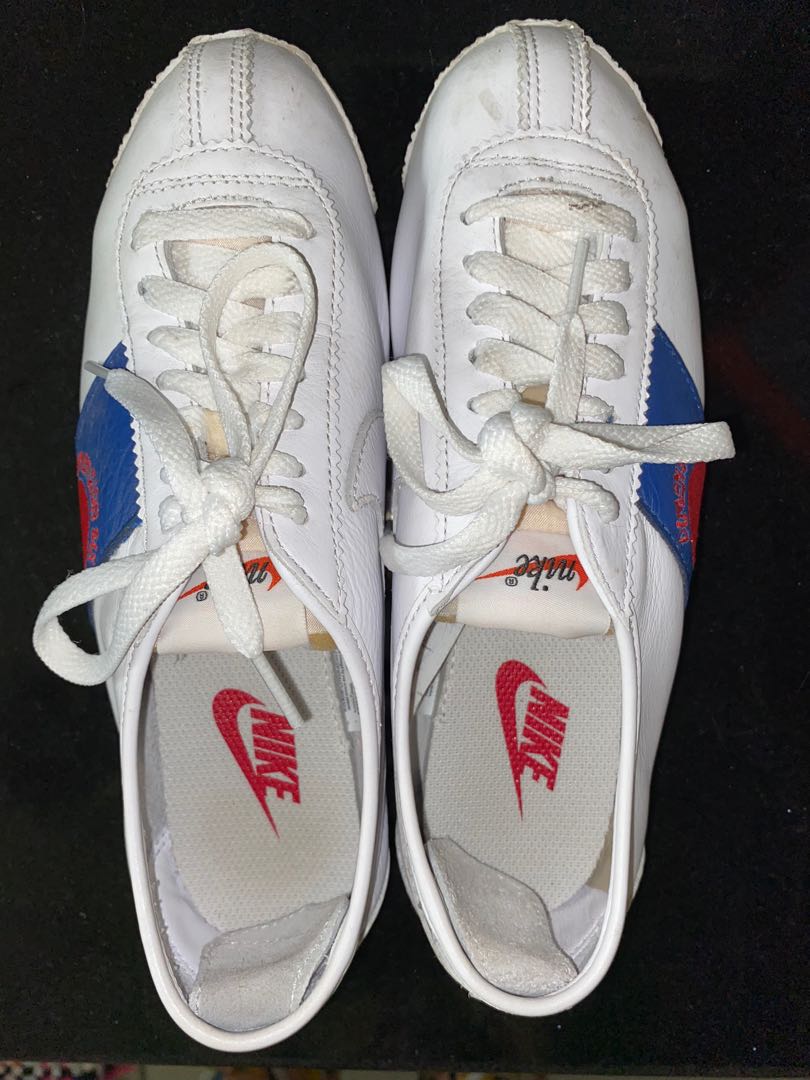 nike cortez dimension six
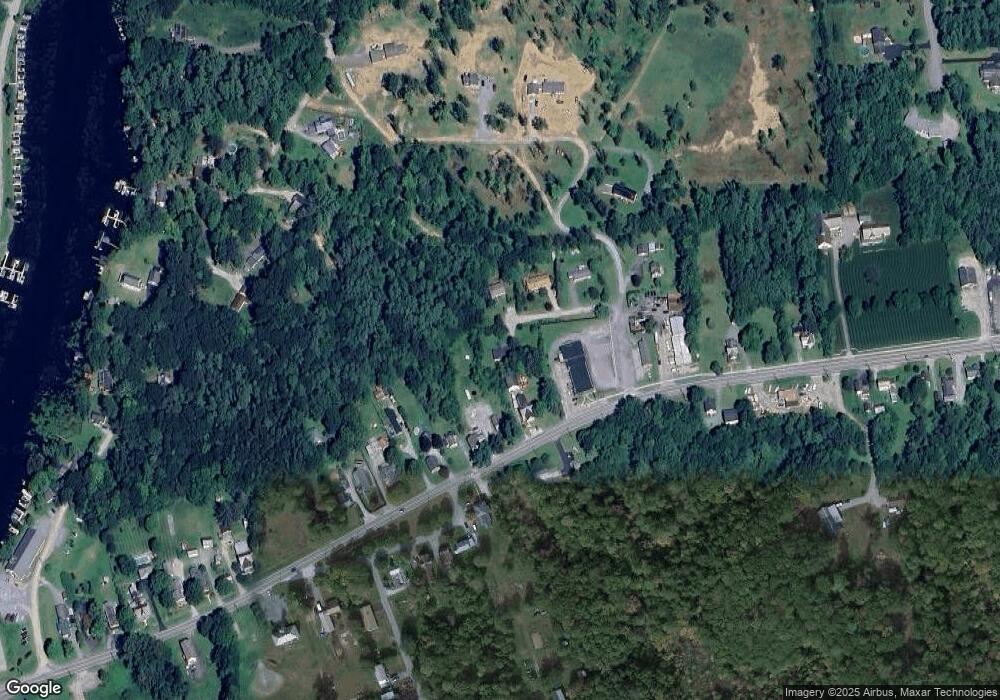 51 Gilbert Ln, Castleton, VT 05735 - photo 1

============

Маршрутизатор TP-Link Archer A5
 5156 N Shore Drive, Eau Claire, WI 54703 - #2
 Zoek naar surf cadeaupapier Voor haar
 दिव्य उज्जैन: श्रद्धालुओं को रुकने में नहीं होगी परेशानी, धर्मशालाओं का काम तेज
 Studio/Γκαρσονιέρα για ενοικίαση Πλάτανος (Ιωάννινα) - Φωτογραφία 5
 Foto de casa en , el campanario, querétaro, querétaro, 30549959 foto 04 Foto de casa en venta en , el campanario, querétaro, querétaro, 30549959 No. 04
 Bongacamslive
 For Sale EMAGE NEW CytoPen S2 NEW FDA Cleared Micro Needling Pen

============

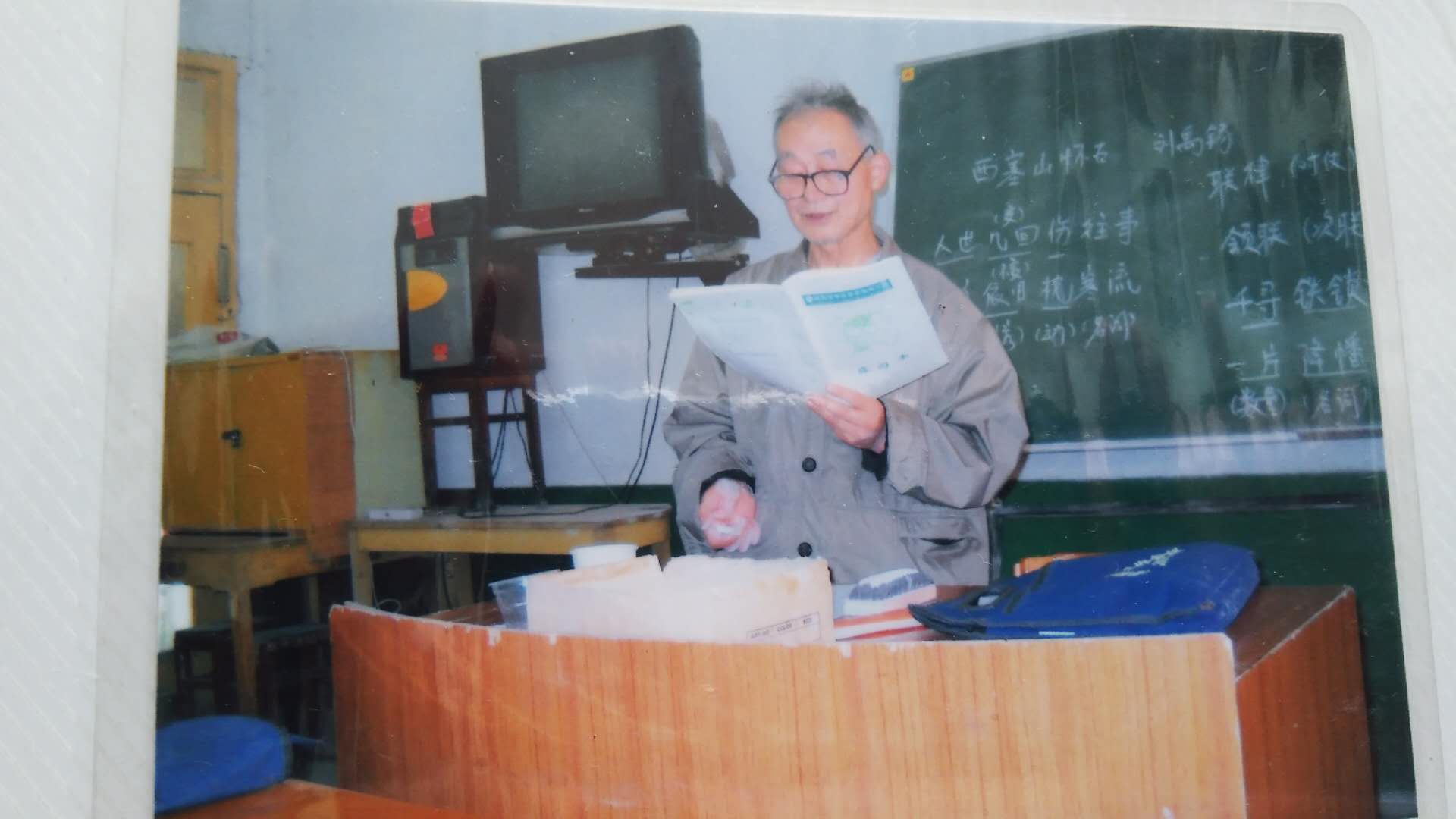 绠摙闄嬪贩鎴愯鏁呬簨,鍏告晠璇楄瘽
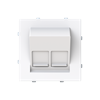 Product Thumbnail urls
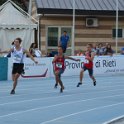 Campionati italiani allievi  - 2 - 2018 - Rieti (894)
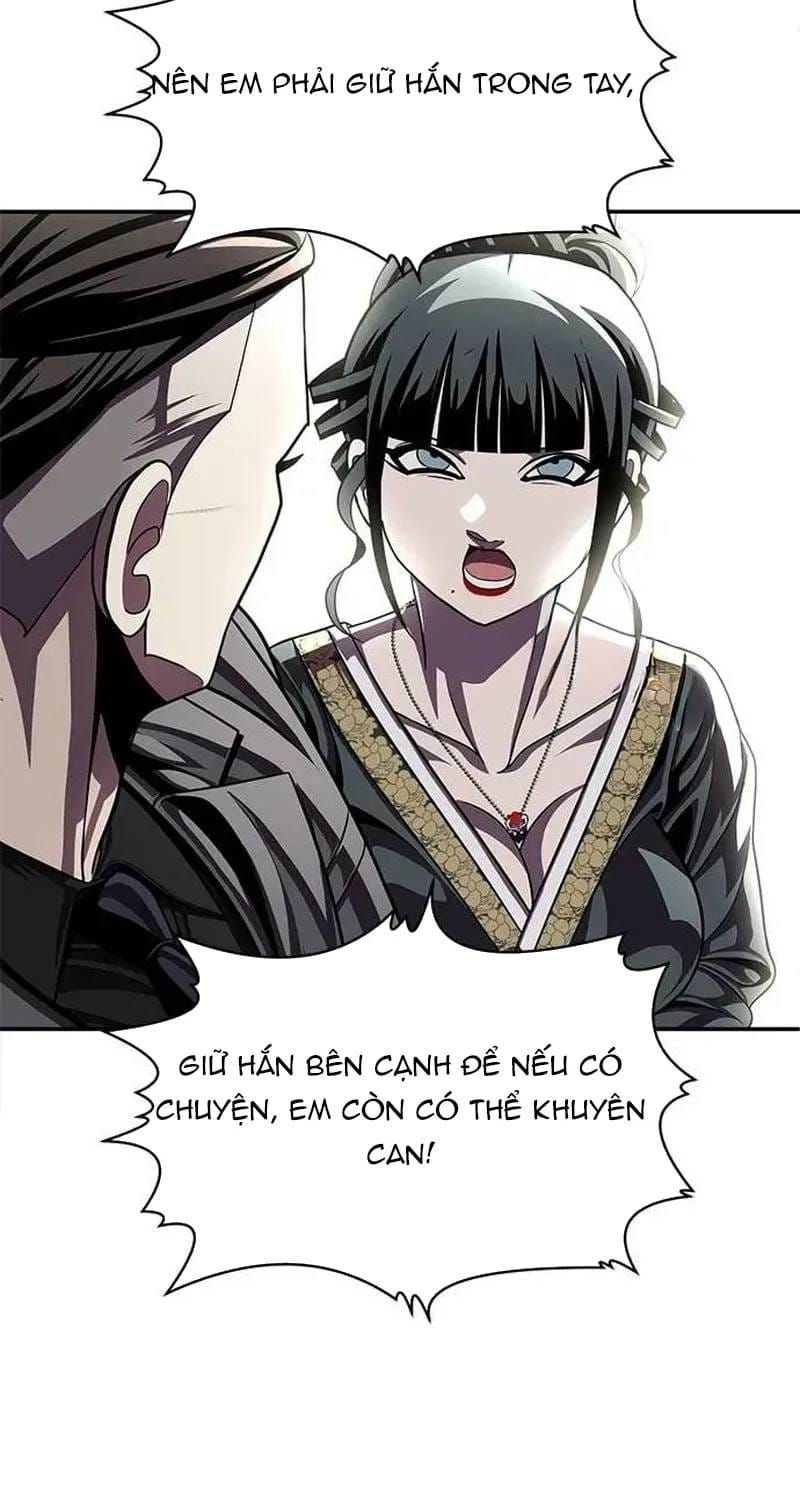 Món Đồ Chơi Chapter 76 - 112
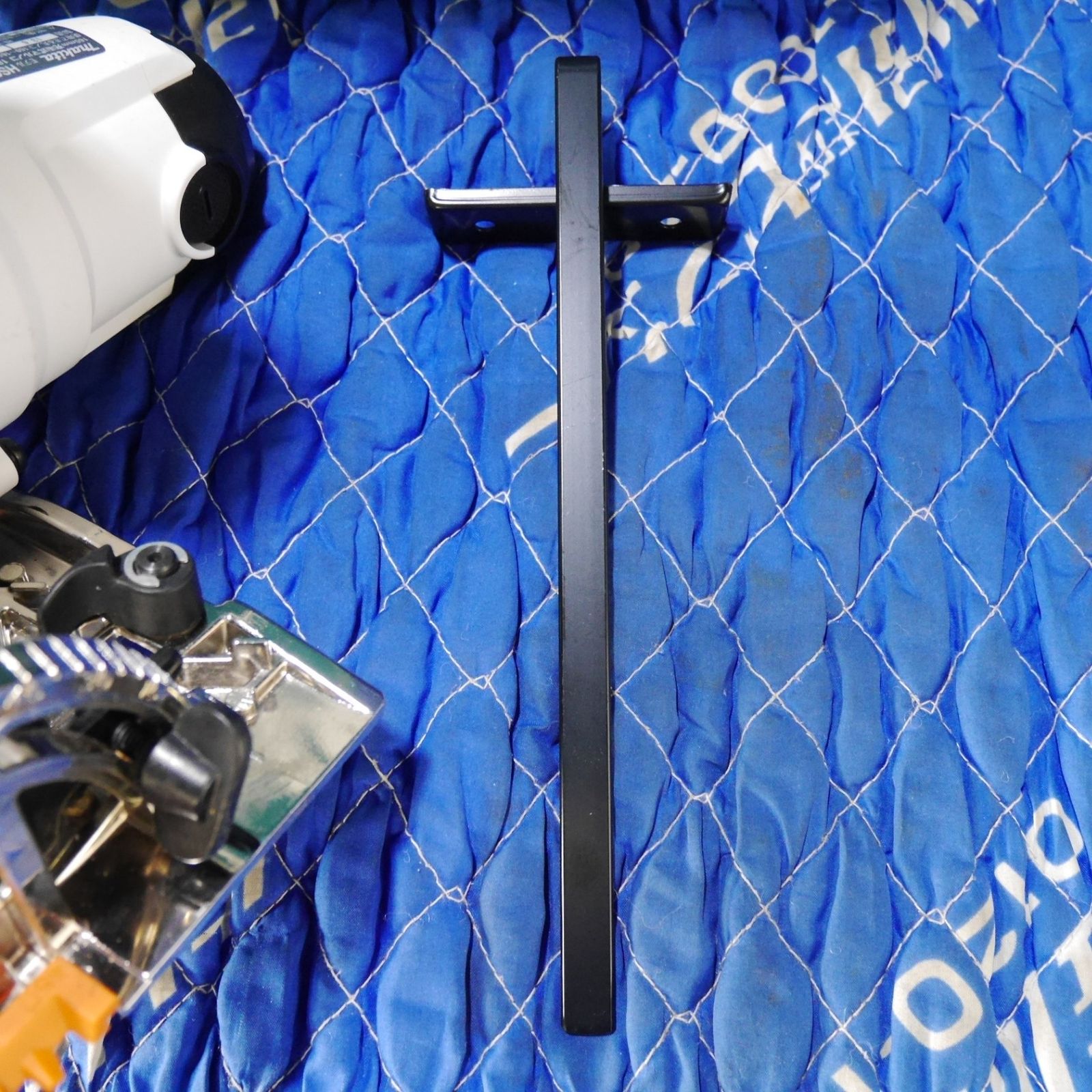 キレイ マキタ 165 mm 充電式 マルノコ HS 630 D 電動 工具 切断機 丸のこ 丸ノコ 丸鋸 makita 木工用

============

Reproduce verbatim only the segment of the listing bounded by the line containing "Маршрутизатор TP-Link Archer A5" and the line containing "For Sale EMAGE", with both boundary lines included.

— Result of this exercise —
Маршрутизатор TP-Link Archer A5
 5156 N Shore Drive, Eau Claire, WI 54703 - #2
 Zoek naar surf cadeaupapier Voor haar
 दिव्य उज्जैन: श्रद्धालुओं को रुकने में नहीं होगी परेशानी, धर्मशालाओं का काम तेज
 Studio/Γκαρσονιέρα για ενοικίαση Πλάτανος (Ιωάννινα) - Φωτογραφία 5
 Foto de casa en , el campanario, querétaro, querétaro, 30549959 foto 04 Foto de casa en venta en , el campanario, querétaro, querétaro, 30549959 No. 04
 Bongacamslive
 For Sale EMAGE NEW CytoPen S2 NEW FDA Cleared Micro Needling Pen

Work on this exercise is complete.